Table of Contents
- 5 Types of Veteran Owned Business Certifications
- What Is a Veteran-Owned Business?
- How To Qualify for a Veteran-Owned Business Certificate
- 5 Types of Veteran Owned Business Certifications
- What Is the Verification Process for Certifying as a Veteran-Owned Business?
- Do I need a VOSB Cert to get a Business Loan?
- Benefits of Being a Veteran-Owned Business
There are many benefits for veterans who start a small business after serving in the military. Are you a veteran business owner or thinking of starting your own business? You should look into a veteran owned business certification if you haven’t already.

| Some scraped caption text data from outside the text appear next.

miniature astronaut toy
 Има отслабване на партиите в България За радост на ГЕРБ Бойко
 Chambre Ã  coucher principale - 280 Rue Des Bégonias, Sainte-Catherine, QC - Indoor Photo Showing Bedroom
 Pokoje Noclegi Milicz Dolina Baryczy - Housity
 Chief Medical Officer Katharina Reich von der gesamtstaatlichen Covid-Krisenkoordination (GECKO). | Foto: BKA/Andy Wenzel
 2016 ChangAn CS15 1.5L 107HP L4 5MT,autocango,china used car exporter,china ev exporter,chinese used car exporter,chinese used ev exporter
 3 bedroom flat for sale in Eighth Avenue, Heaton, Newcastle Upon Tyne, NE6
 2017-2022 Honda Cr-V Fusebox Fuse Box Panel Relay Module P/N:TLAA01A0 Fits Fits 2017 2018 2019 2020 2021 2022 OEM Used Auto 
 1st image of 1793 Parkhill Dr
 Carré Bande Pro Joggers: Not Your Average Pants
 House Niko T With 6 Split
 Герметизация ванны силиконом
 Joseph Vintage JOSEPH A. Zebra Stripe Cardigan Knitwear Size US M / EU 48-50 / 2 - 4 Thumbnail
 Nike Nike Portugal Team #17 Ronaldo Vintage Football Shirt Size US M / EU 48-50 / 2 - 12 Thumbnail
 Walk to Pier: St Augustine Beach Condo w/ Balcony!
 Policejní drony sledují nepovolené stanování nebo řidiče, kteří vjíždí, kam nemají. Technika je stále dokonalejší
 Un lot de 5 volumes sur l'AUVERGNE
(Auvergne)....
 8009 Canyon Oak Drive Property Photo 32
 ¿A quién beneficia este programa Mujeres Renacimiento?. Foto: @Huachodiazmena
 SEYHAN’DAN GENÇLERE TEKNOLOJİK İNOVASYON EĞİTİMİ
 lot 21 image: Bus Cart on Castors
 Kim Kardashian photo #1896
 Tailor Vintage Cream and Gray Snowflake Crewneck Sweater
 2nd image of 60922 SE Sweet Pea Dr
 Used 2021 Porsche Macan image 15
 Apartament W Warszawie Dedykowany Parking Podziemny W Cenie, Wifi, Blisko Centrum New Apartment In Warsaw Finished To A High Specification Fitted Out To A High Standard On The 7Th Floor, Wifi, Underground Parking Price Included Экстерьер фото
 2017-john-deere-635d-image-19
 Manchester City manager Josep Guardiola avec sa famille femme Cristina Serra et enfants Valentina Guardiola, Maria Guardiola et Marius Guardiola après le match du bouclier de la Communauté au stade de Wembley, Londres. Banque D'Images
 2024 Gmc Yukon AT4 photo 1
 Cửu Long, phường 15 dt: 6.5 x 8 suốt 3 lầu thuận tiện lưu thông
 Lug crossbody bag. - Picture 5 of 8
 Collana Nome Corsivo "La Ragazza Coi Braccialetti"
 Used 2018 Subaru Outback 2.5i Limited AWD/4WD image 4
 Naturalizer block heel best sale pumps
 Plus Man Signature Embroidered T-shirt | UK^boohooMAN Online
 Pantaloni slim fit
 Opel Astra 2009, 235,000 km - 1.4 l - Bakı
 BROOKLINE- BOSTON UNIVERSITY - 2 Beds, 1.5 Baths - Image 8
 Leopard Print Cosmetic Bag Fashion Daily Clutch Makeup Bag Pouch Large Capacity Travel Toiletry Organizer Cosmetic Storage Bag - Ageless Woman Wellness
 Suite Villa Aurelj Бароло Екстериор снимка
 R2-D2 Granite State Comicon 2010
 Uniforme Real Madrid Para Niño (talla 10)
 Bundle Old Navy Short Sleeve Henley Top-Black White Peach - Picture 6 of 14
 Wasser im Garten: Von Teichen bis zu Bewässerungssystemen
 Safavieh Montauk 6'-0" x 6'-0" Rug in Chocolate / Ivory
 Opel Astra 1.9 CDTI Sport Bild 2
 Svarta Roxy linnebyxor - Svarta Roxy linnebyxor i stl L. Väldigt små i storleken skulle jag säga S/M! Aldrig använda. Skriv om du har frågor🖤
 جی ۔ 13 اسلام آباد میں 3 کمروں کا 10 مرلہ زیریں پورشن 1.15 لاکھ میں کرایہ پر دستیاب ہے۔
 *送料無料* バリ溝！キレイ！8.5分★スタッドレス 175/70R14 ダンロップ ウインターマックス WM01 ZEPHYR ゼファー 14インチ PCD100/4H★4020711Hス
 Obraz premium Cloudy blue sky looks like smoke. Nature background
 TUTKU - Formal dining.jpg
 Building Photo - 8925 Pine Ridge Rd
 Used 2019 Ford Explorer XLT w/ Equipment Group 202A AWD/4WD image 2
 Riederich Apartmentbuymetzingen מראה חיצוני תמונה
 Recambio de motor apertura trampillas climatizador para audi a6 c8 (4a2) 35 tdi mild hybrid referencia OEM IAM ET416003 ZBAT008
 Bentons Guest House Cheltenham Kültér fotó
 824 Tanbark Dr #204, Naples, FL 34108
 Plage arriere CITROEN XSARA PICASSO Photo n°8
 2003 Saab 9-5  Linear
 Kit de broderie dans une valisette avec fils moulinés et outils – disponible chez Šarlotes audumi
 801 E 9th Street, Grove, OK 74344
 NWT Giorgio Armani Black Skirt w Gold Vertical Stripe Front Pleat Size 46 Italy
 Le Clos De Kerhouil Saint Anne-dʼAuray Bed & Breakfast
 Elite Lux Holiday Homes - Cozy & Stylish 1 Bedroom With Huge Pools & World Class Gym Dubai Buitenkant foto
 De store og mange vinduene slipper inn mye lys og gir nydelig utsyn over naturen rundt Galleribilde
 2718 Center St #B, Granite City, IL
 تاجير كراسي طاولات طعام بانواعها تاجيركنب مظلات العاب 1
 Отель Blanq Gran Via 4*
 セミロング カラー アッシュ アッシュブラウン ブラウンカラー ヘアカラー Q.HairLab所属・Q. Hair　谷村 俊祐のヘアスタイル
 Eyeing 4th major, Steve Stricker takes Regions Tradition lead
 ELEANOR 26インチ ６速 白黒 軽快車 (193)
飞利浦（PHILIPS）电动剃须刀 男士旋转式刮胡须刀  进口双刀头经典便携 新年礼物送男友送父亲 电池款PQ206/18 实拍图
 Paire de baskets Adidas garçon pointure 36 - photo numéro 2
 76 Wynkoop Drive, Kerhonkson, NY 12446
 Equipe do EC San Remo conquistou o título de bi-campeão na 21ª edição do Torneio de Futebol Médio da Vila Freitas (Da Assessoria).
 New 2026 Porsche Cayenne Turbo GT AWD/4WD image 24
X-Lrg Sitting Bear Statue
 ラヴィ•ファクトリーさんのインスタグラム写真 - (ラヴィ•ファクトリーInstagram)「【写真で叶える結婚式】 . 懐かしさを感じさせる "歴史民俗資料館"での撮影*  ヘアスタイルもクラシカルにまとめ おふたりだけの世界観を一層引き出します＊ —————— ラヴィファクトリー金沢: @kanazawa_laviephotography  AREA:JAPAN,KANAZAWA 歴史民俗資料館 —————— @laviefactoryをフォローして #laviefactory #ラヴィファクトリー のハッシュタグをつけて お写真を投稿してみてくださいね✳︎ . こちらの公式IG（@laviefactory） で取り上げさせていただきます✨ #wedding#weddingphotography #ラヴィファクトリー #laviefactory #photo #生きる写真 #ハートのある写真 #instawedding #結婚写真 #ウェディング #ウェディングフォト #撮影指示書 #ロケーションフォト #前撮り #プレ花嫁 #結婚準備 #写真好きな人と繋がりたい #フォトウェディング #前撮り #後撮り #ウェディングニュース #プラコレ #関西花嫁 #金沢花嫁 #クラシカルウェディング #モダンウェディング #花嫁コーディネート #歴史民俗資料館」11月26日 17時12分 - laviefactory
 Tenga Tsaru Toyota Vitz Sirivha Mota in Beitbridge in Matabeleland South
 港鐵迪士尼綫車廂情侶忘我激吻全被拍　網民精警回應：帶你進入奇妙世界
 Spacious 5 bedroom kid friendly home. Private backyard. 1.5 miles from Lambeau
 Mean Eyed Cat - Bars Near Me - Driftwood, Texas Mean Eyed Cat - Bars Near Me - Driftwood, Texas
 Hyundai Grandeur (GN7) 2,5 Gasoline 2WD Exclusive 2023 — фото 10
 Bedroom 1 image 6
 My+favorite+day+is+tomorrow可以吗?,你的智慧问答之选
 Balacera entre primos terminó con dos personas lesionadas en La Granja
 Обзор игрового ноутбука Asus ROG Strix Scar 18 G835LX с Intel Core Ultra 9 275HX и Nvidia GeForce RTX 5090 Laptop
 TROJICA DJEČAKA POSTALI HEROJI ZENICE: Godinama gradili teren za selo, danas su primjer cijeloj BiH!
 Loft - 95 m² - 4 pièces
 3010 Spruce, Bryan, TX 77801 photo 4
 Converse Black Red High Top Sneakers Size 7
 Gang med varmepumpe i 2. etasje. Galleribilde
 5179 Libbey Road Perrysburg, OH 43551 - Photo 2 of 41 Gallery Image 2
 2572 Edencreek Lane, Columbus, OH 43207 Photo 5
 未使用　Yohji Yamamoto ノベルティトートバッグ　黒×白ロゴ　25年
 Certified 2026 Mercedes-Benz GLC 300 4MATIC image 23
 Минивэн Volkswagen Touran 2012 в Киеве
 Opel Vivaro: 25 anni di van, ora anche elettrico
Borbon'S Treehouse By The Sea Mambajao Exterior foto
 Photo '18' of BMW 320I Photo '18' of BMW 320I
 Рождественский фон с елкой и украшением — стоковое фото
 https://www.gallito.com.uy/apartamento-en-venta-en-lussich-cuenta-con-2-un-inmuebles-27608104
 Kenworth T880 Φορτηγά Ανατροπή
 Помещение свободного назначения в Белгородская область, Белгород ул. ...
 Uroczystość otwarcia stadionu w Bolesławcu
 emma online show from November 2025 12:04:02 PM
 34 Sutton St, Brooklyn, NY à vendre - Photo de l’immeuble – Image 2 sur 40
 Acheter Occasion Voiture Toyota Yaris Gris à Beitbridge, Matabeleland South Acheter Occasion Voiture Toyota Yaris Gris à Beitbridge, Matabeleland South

5 Types of Veteran Owned Business Certifications
- VOSB certification
- SDVOSB certification
- VA CVE certification
- NVBDC certification
- NAVOBA certification
Each year, around 200,000 United States service members transition to civilian life, and roughly 20% of them will start their own businesses. These are very promising statistics for the future in terms of veteran owned businesses.
It makes sense that veterans would gravitate toward entrepreneurship since they acquired some of its necessary skills during their service – leadership, self-accountability, discipline, perseverance, and adaptability. In short, veterans are certainly cut out to be skilled small business owners.
A small business owner has a number of concerns to worry about on a daily basis, from marketing their small business to finding suppliers, and everything in between. Sometimes, they can overlook opportunities for their organization to join the rank of certified businesses that make up our economy. They may not think that issues like supplier diversity are important to customers and clients.
As it turns out, however, a veteran owned business certification is worth pursuing. It can win them more government contracts and even more contracts in the private sector. Equally important is the fact that a Veteran small business owner can get additional business from direct consumers who are interested in supporting veteran entrepreneurship.
Just think about your own experience going about your business. It’s likely that in your city you see plenty of businesses advertising some sort of certification in their window, on the side of their vehicles, or on marketing materials. A veteran-owned firm or even a sole proprietorship should take advantage of the opportunity to certify their business as such.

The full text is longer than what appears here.